Advanced topics

This section explores a range of topics designed to provide deeper insights and enhance your understanding of advanced functionalities.

Schema evolution

A change in the schema of the tables (ALTER TABLE) being streamed is transparently handled by the database without manual intervention.

This is illustrated in the following example. The client used for the example is pg_recvlogical.

Create a table and create the replication slot. pg_recvlogical uses the test_decoding output plugin by default.

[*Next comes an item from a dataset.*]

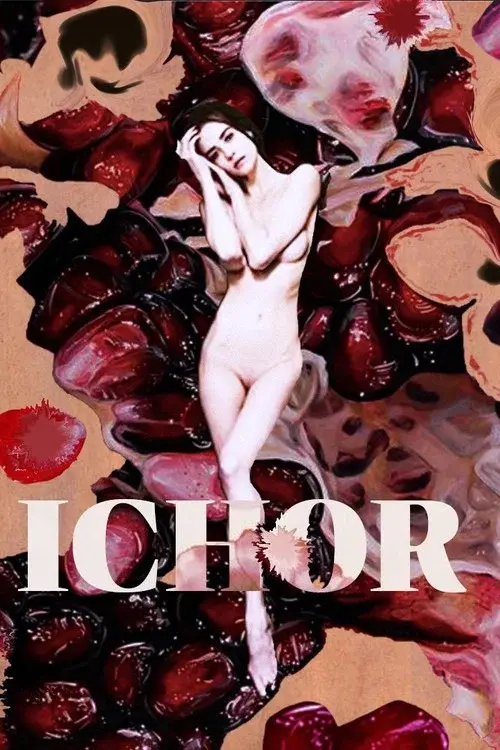 Ichor poster
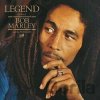 Bob Marley: Legend - The Best Of LP - Bob Marley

CREATE TABLE demo_table (id INT PRIMARY KEY);

pg_recvlogical -d yugabyte --slot=demo_slot --create-slot

Start streaming the changes from the replication slot.

pg_recvlogical -d yugabyte --slot=demo_slot --start -f -

In a new shell, start ysqlsh and insert some data.

bin/ysqlsh

INSERT INTO demo_table VALUES (1);
INSERT INTO demo_table VALUES (2);

pg_recvlogical receives the inserts and prints it on the console.

BEGIN 2
TABLE public.demo_table: INSERT: id[integer]:1
COMMIT 2
BEGIN 3
TABLE public.demo_table: INSERT: id[integer]:2
COMMIT 3

Add a new column to the demo_table and insert some more rows.

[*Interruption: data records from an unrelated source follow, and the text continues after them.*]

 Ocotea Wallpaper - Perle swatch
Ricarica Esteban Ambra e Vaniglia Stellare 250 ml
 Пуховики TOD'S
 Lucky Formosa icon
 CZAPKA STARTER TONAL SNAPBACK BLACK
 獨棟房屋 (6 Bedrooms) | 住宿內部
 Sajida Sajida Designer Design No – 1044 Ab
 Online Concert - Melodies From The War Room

ALTER TABLE demo_table ADD COLUMN address TEXT;
INSERT INTO demo_table VALUES (3, 'address1');
INSERT INTO demo_table VALUES (4, 'address2');

Without any manual intervention, pg_recvlogical receives the inserts with the new schema and prints it on the console.

BEGIN 4
TABLE public.demo_table: INSERT: id[integer]:3 col_text[text]:'address1'
COMMIT 4
BEGIN 5
TABLE public.demo_table: INSERT: id[integer]:4 col_text[text]:'address2'
COMMIT 5

Adding tables to publication

The Publication's tables list can change in two ways. The first way is by adding a table to the publication by performing an alter publication.

CREATE TABLE test_table_1(id INT PRIMARY KEY, aa INT, bb INT);
CREATE TABLE test_table_2(id INT PRIMARY KEY, aa INT, bb INT);

CREATE PUBLICATION PUB FOR TABLE test_table_1;

-- Start consumption through a replication slot.

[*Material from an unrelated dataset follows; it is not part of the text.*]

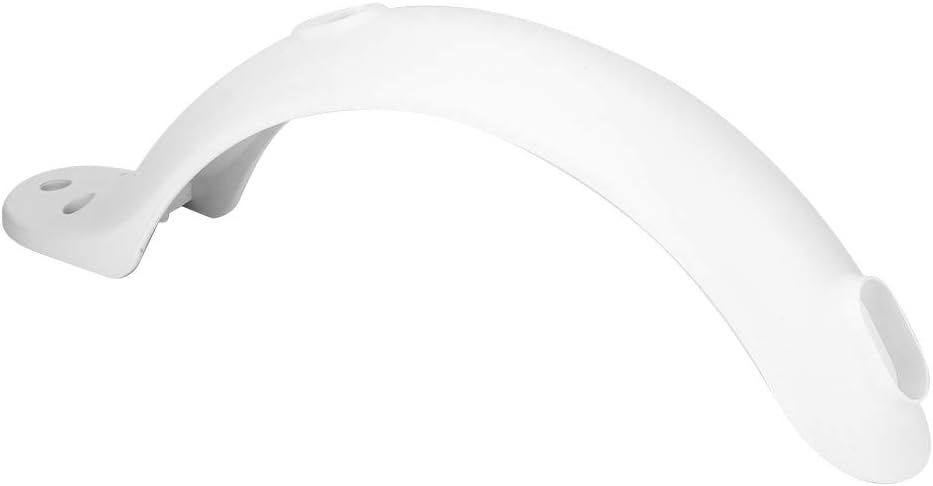 A10 Rear Fender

ALTER PUBLICATION ADD TABLE test_table_2;

CREATE TABLE test_table_3(id INT PRIMARY KEY, aa INT, bb INT);

ALTER PUBLICATION ADD TABLE test_table_3;

The second way is when a table is added to ALL TABLES publication upon creation.

CREATE TABLE test_table_1(id INT PRIMARY KEY, aa INT, bb INT);

CREATE PUBLICATION PUB FOR ALL TABLES;

-- Start consumption through a replication slot.

CREATE TABLE test_table_2(id INT PRIMARY KEY, aa INT, bb INT);
-- Since the publication was created for ALL TABLES, alter publication is not requirred.

YugabyteDB semantics

Unlike PostgreSQL, any changes made to the publication's tables list are not applied immediately in YugabyteDB. Instead the publication's tables list is periodically refreshed, and changes (if any) are applied. The refresh interval is managed using the cdcsdk_publication_list_refresh_interval_secs flag. The default is 15 minutes (900 seconds). This means that any changes made to the publication's tables list will be applied after cdcsdk_publication_list_refresh_interval_secs in the worst case.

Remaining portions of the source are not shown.